Rewane also predicted Gross Domestic Product (GDP) growth for the second quarter of 2017 of 1.5 per cent. This, he said would be driven by improved power output and oil production, noting that lower diesel costs average N190 per litre.
According to him, availability and supply of forex would also contribute to the GDP growth, adding that declining headline and core inflation was expected at 16.4 per cent for March.
Nigeria’s terms of trade still at 14 (from 18.9 in 2015), while balance of trade is currently -$0.5 billion, while foreign direct investment is still static below $2 billion. According to Rewane, marginal propensity to import in the country is still above 0.63, saying if oil price falls below $40pb, the naira will suffer a further decline.
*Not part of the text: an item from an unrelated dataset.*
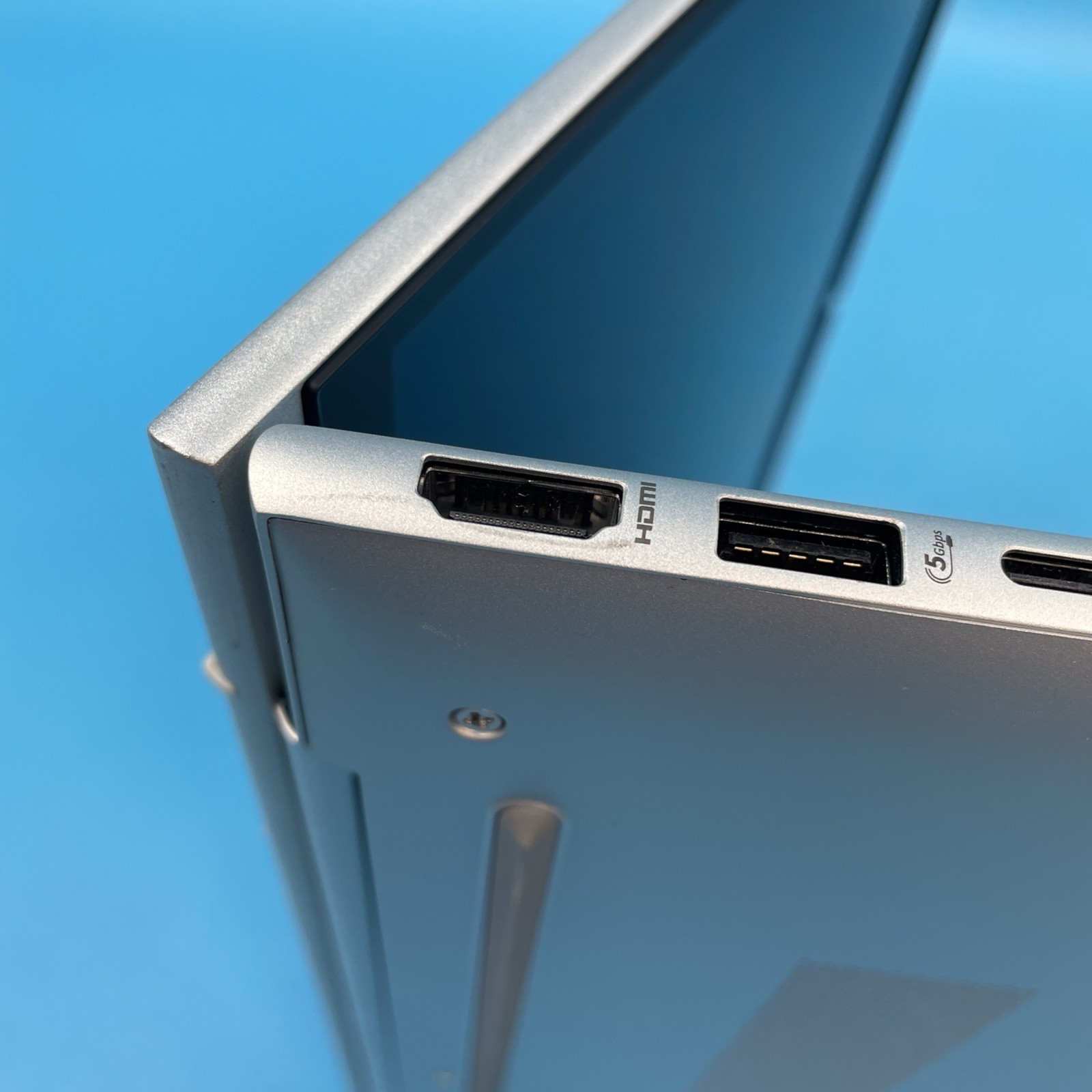 HP EliteBook 840 G11 | Ultra 5 135U | 32GB RAM | 512GB SSD | NO OS | 92% BATTERY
“Ships awaiting berth benefits from subsidised naira. Forward contracts and spot dollars mean increased letters of credit and imports. The PMI is expected to increase sharply to 55, thanks to forex and exchange rate advantage. Increased capital expenditure and infrastructure projects financed by the Chinese,” he explained.
Furthermore, he predicted that power output would reach a peak of 3800mwh in April, saying higher rainfall would improve hydro generation and output.
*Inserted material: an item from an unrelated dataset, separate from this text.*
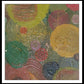 Los 6 de Pastel, 2022, 6 pieces, 6x6in (15.24x15.24cm) (0.50x0.50ft) Sold Separately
According to him, the repairs to Forcados and pipelines should guarantee gas supply.
The Central Bank of Nigeria (CBN) intervened vigorously in the forex market, increasing quantity of supply by 73 per cent in March relative to sales in February.
Also, the CBN last month depreciated the rate for invisibles initially to N375/$, then revalued by 4.17 per cent to N360/$.
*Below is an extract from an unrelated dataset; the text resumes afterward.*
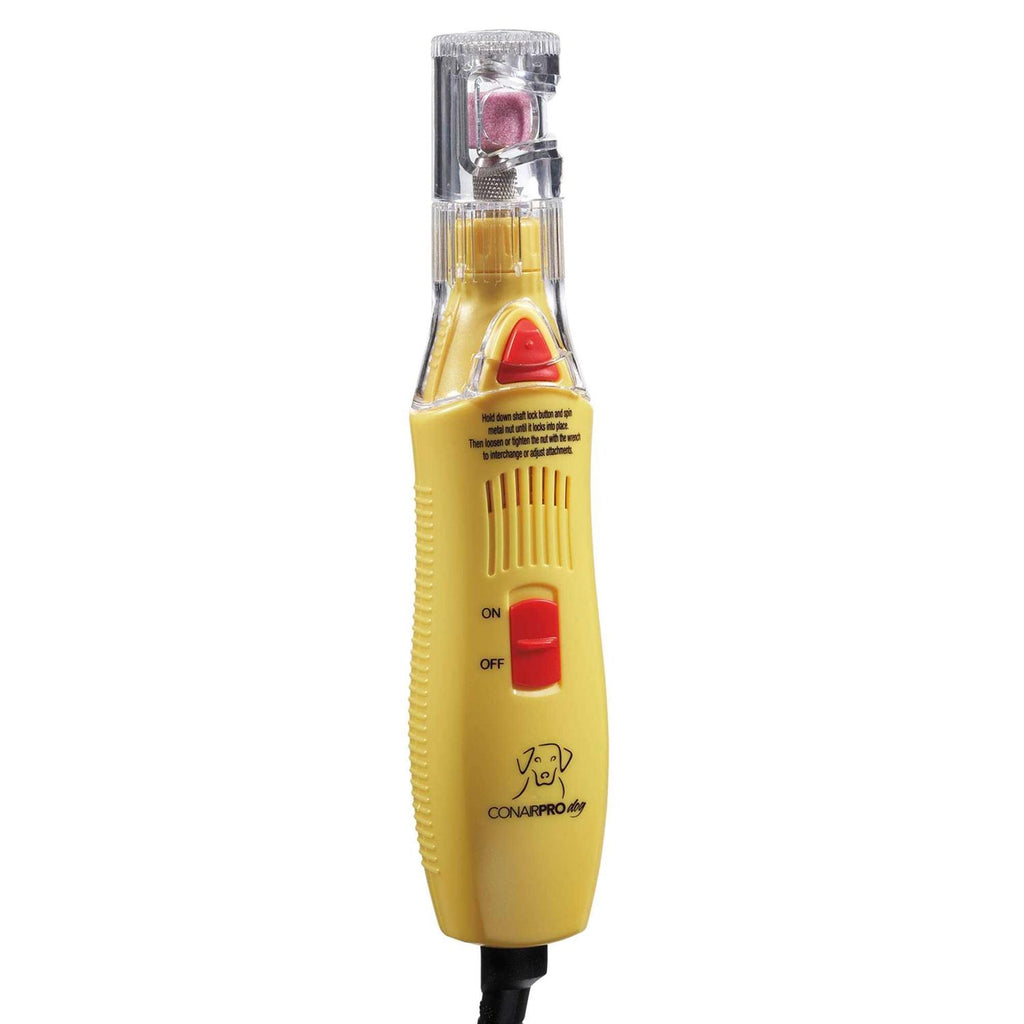 Dog Nail Grinder S2959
“Effective weighted average exchange rate at N325/$. No change in market structure from price discriminating monopoly. Multiple exchange rates persist
“The federal government has banned the importation of tomato paste and raised tariff on concentrates from five per cent to 50 per cent to revive the tomato sector. The Kano-Lagos rail transportation of tomatoes has been reactivated after 58 years.
“Levy on wheat was reversed from 50 per cent to 15 per cent. Flour price war in the offing between major players with price expected to decline from N10,500 to N9,000 per 50kg,” he added.
He however stressed that strong currency was not synonymous with strong economy. But he stressed that economic fundamentals were recovering slowly.
“Aviation in Nigeria is a victim of naira weakness. Domestic carriers with 70 per cent market share in receivership of the Asset Management Corporation of Nigeria (AMCON).
“The route rationalisation and existing unprofitable destinations; Arik suspended Heathrow, Johannesburg and the West Coast; Aero laid off 60% of employees, while Medview is gaining market share domestically,” he said.